Arthur Lira (PP-AL) foi chamado para uma reunião no Palácio do Planalto há duas semanas para discutir a dificuldade do governo em negociar com os deputados federais e colocar em votação as pautas eleitas nas urnas em 2022. Na ocasião, o presidente da Câmara dos Deputados disse ao presidente Luiz Inácio Lula da Silva (PT) que os parlamentares não esperam do governo mais cargos para a formação da base no Congresso. Eles querem verbas do Orçamento federal.
O Palácio do Planalto tem negociado com os deputados federais desde o início do governo, via Arthur Lira e o ministro das Relações Institucionais, Alexandre Padilha. Lula, no entanto, não pretende abrir mão de ter um papel decisivo na destinação orçamentária e nem deixar a torneira aberta para o Congresso, como fez o ex-presidente Jair Bolsonaro (PL), que ficou refém dos parlamentares.

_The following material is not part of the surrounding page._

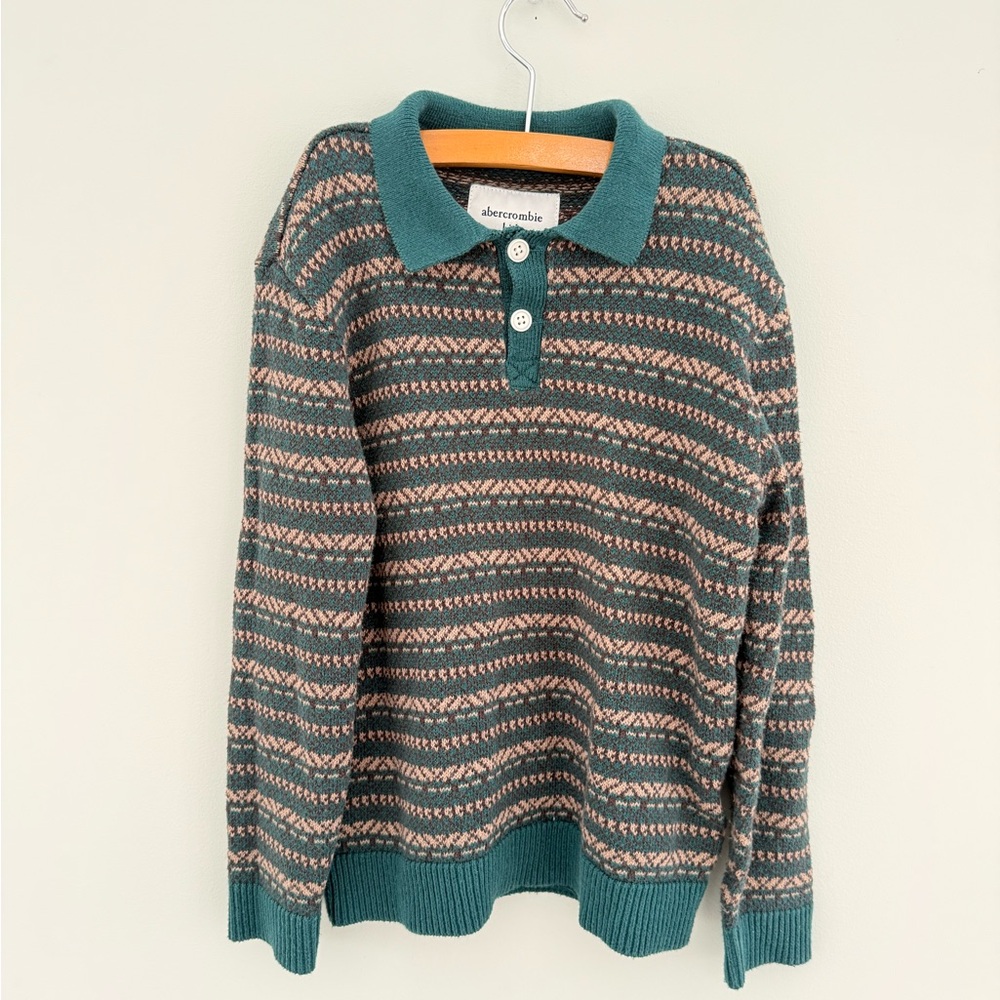 Abercrombie Kids Teal and Brown Knit Sweater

A pedra no caminho do governo é o esquema do orçamento secreto, manipulado via emendas de relator As emendas foram criadas em 2019 a partir de projeto de iniciativa de Jair Bolsonaro, que alterou a Lei de Diretrizes Orçamentárias (LDO) de 2020, deixando os deputados livres para movimentar dinheiro em seus territórios.
Desde 2020, então, a Câmara dos Deputados passou a negociar com o Palácio do Planalto com o orçamento embaixo do braço, utilizando os recursos da União para fomentar suas bases eleitorais e garantir maior influência local durante as eleições de 2022.

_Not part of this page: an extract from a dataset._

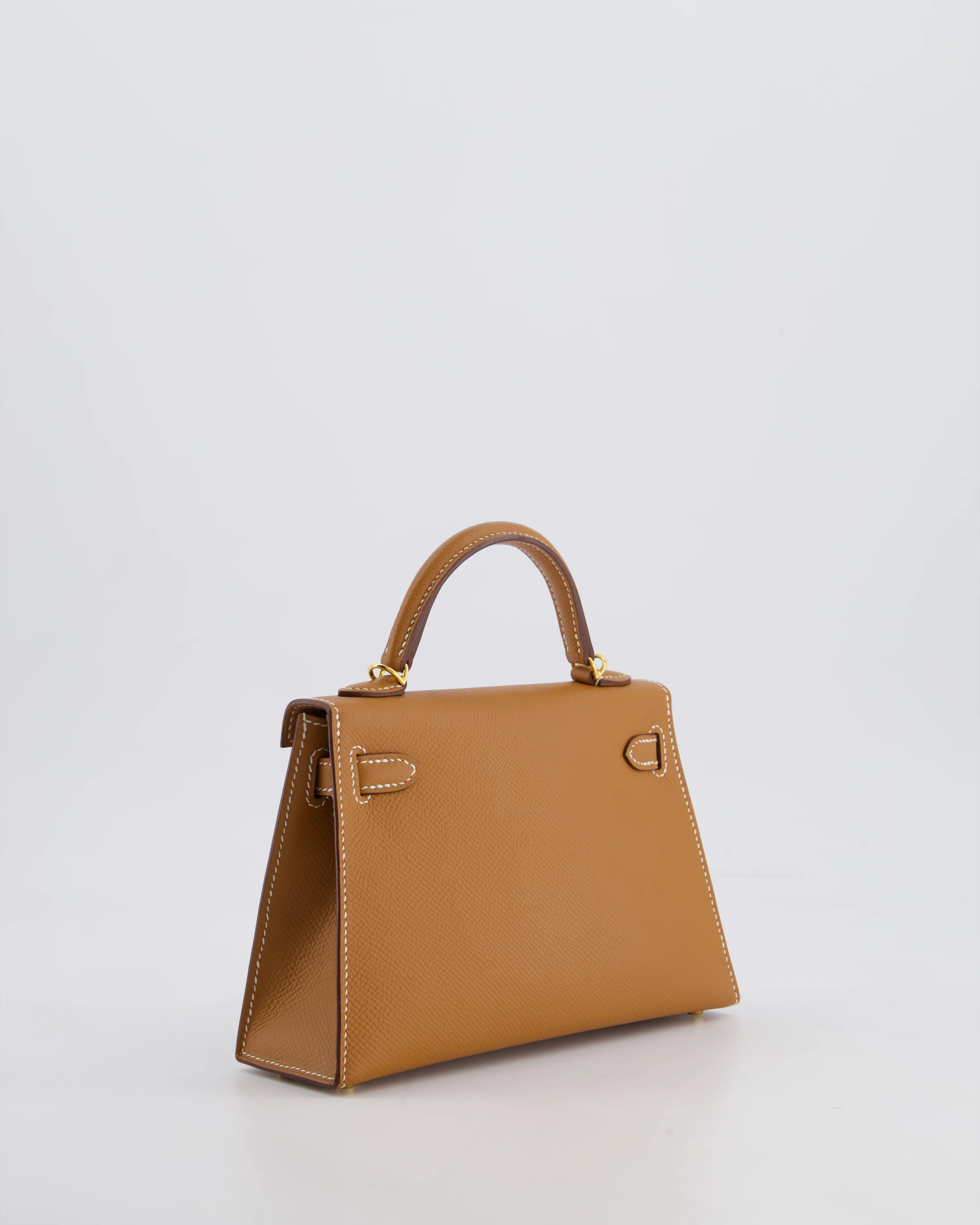 Hermes Mini Kelly II 20 Bag in Gold Epsom Leather with Gold Hardware - Image 8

Apesar da resistência de Lula à prática, o governo decidiu ceder aos apelos de Arthur Lira e à sanha dos deputados por dinheiro. Uma semana após a reclamação do presidente da Câmara, o governo liberou R$ 700 milhões em emendas.
"Descentralizar"?
Na última segunda-feira (15), em entrevista à BandNewsTV, Lira criticou o Palácio do Planalto, mesmo após a liberação das emendas. "Eu apelo que o governo precisa descentralizar, confiar e delegar, para melhorar a articulação política. Enquanto o governo não descentralizar, as coisas não vão andar. O governo está muito centralizado no PT e precisa abrir mão de espaços para outros partidos."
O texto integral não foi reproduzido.